Given data:
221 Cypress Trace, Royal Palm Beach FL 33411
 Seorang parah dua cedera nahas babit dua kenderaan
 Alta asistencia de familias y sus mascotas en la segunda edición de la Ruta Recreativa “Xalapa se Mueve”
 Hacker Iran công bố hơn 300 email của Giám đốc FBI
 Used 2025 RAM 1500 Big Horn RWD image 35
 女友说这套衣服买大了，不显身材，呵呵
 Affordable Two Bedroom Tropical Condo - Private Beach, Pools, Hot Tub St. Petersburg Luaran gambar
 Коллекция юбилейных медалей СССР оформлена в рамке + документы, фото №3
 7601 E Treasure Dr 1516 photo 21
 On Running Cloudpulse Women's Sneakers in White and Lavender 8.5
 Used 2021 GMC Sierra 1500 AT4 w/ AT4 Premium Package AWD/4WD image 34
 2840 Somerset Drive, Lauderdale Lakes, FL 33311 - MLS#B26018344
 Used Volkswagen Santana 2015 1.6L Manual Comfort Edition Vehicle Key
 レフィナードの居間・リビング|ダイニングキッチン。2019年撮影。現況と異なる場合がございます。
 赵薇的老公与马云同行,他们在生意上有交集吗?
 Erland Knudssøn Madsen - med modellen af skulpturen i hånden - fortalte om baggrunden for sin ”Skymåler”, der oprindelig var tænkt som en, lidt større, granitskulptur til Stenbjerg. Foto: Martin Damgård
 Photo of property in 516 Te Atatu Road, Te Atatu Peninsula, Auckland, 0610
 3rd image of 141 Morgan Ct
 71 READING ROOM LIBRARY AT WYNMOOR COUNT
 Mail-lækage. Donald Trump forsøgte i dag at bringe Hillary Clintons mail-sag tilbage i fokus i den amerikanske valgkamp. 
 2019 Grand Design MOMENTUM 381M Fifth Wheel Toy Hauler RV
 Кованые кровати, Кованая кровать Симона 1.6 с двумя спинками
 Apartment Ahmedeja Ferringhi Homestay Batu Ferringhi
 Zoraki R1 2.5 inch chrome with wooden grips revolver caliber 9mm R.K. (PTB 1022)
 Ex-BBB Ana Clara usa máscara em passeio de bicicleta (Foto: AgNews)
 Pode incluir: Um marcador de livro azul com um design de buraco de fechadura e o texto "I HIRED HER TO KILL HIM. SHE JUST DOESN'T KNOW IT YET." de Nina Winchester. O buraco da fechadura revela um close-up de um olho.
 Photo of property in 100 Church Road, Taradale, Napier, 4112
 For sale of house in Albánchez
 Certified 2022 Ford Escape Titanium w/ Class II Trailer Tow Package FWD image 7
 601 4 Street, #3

Task to complete: Your task is to find each line in the entries that contains the string "Used" and copy it.

Expected answer:
 Used 2025 RAM 1500 Big Horn RWD image 35
 Used 2021 GMC Sierra 1500 AT4 w/ AT4 Premium Package AWD/4WD image 34
 Used Volkswagen Santana 2015 1.6L Manual Comfort Edition Vehicle Key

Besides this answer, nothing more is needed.